Coronavirus (COVID-19): advice and reassurance for vet professionals
We have recently received a number of queries relating to effective contingency planning in response to the coronavirus outbreak and how certain challenges arising from it may be managed in line with your professional obligations set out in the RCVS Code of Professional Conduct and its supporting guidance.
As the regulator for veterinary surgeons and registered veterinary nurses in the UK, our priority is the health and safety of those we regulate. We hope that this information will empower you to make decisions that will enable you to protect yourselves whilst continuing to provide the best care you can to your patients at this extremely challenging time.
In the first instance, it is important that you and the public are aware of and follow current advice and guidance from the UK Government and devolved administrations, as follows:
We understand that animal health and welfare will always be your first concern when attending to animals. However, we appreciate that you will also have concerns about the clinical and professional decisions you need to make in these difficult and changeable circumstances. To this end, we encourage you to work together to co-ordinate the care of animals and the delivery of services, and to use your clinical and professional judgement when assessing risk and making decisions, informed by the Code and guidance.
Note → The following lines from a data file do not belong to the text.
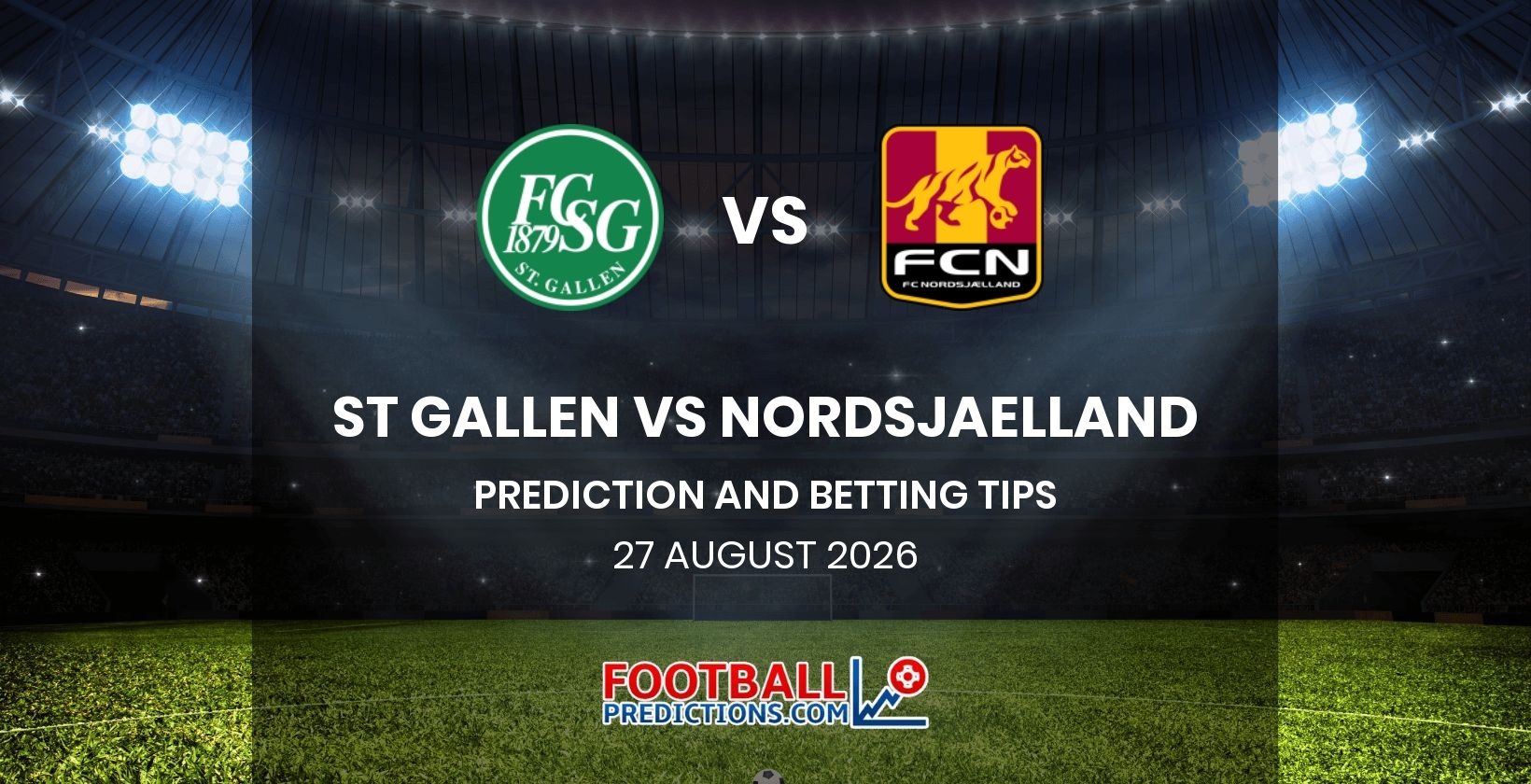 St Gallen vs Nordsjaelland Prediction and Betting Tips 27 August 2026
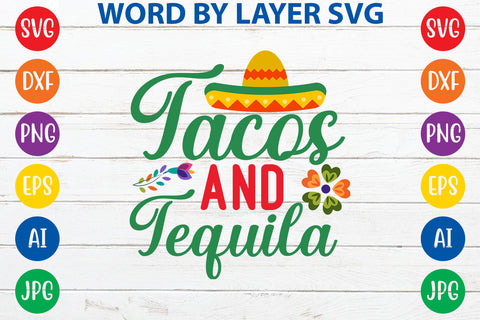 Tacos And Tequila SVG Design SVG Rafiqul20606 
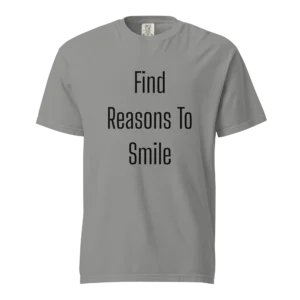 Find Reasons To Smile T-Shirt | Washed Heavy Tee (Black Ink)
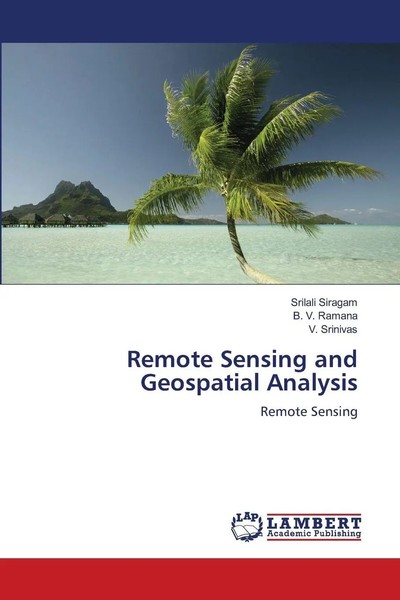 Srilali Siragam (U. A.) | Remote Sensing And Geospatial Analysis | Taschenbuch-image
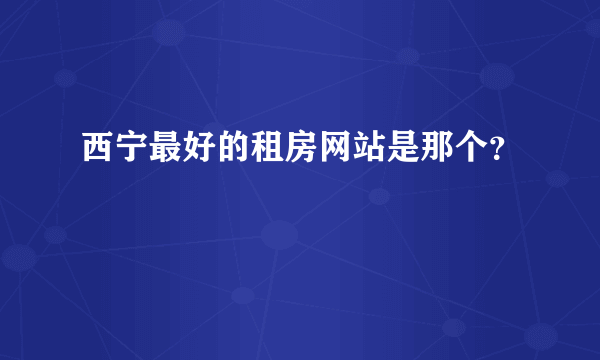 西宁最好的租房网站是那个？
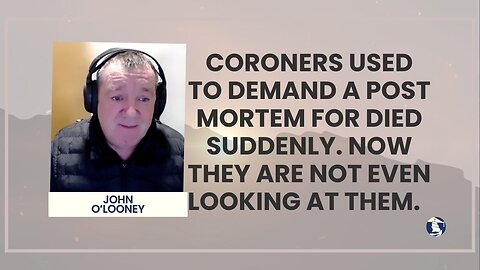 Coroners used to demand a post mortem for died suddenly. Now they are not even looking at them.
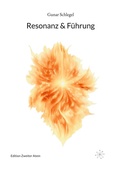 Cover: Resonanz & F&uuml;hrung - Edition Zweiter Atem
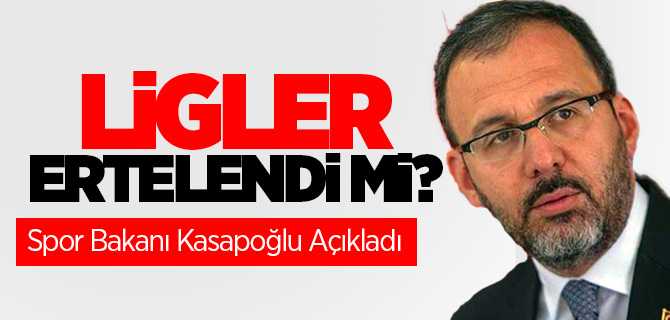 Ligler Ertelenecek Mi? Bakan Açıkladı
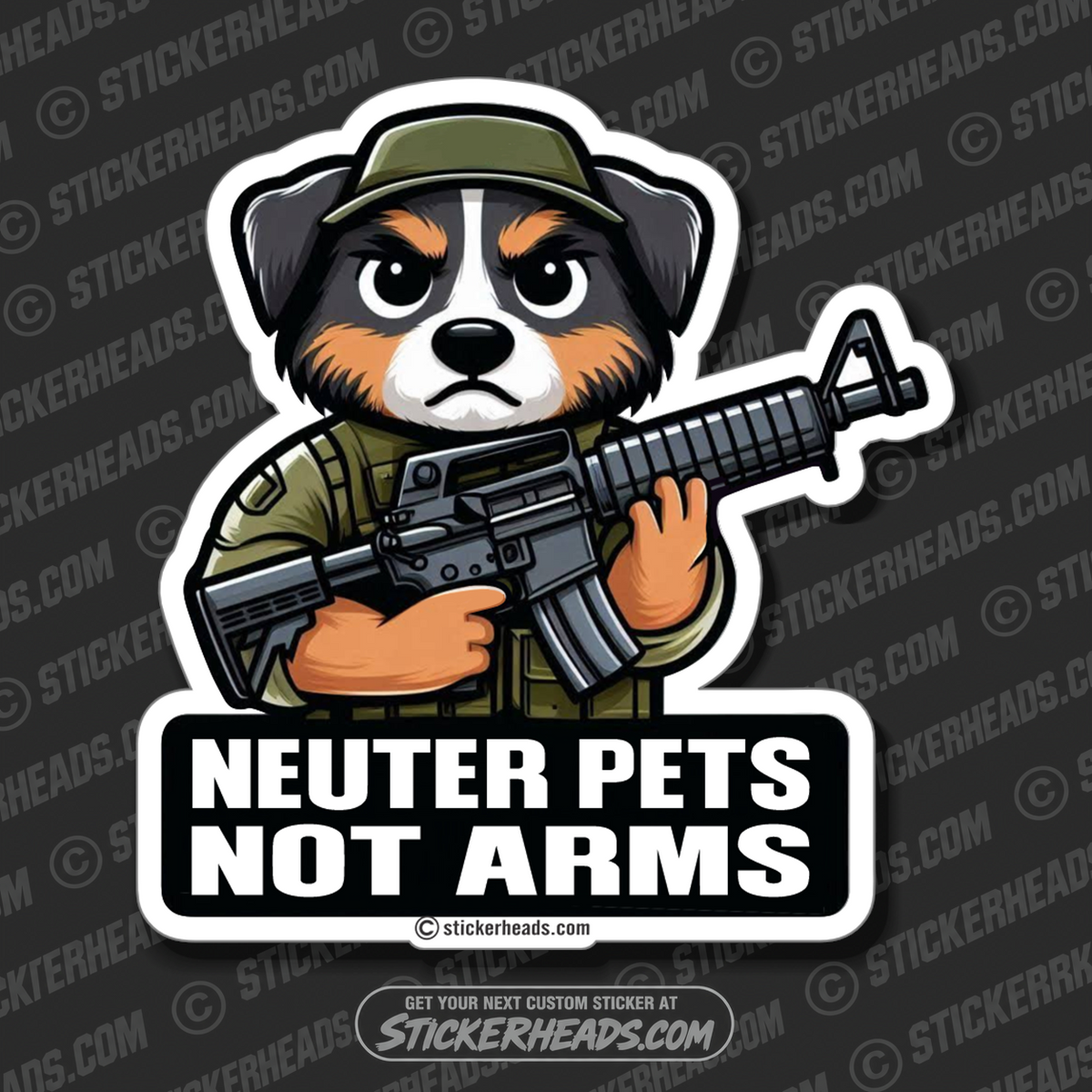 NEUTER PETS NOT ARMS   -  Pro Gun Sticker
Our guidance is designed to be workable and applicable to wide-ranging scenarios, and is there to support you to effectively risk-assess and make clinical and professional judgements relevant to the context before you. However, we acknowledge that in these exceptional circumstances, you may need to depart from the best practice advice set out in the guidance, in order to safeguard yourself and your colleagues, as well as public health.
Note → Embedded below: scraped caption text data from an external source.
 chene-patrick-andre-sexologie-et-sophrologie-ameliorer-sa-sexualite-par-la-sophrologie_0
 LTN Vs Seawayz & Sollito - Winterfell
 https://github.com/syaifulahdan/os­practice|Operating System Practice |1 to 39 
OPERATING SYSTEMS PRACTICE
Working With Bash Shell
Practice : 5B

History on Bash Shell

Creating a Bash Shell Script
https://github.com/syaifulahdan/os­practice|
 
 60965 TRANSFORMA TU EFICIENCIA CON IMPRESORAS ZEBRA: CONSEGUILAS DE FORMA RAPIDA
We understand that you may feel anxious about how your decision-making in such circumstances might be viewed if a concern is raised with us about you. We always consider concerns on the specific facts, taking into account the context in which any decisions were made together with any other relevant factors. We also consider any additional advice outside of the Code and guidance, such as this letter, in place at the time.
We therefore wish to reassure you that if you act reasonably in the light of all available information and evidence, and are able to justify the decisions you have made, it is hard to see circumstances where we would find you had acted in any way that would be a major cause for concern. To this end, we would advise you to include a detailed note of the decisions you make, and the reasons for them, within your clinical notes.
We will keep this guidance under review and will amend it as necessary as the situation develops.
In addition, over the coming days, we will be publishing some Frequently Asked Questions on our website with advice on more specific situations (www.rcvs.org.uk/coronavirus), which we will also review on an ongoing basis.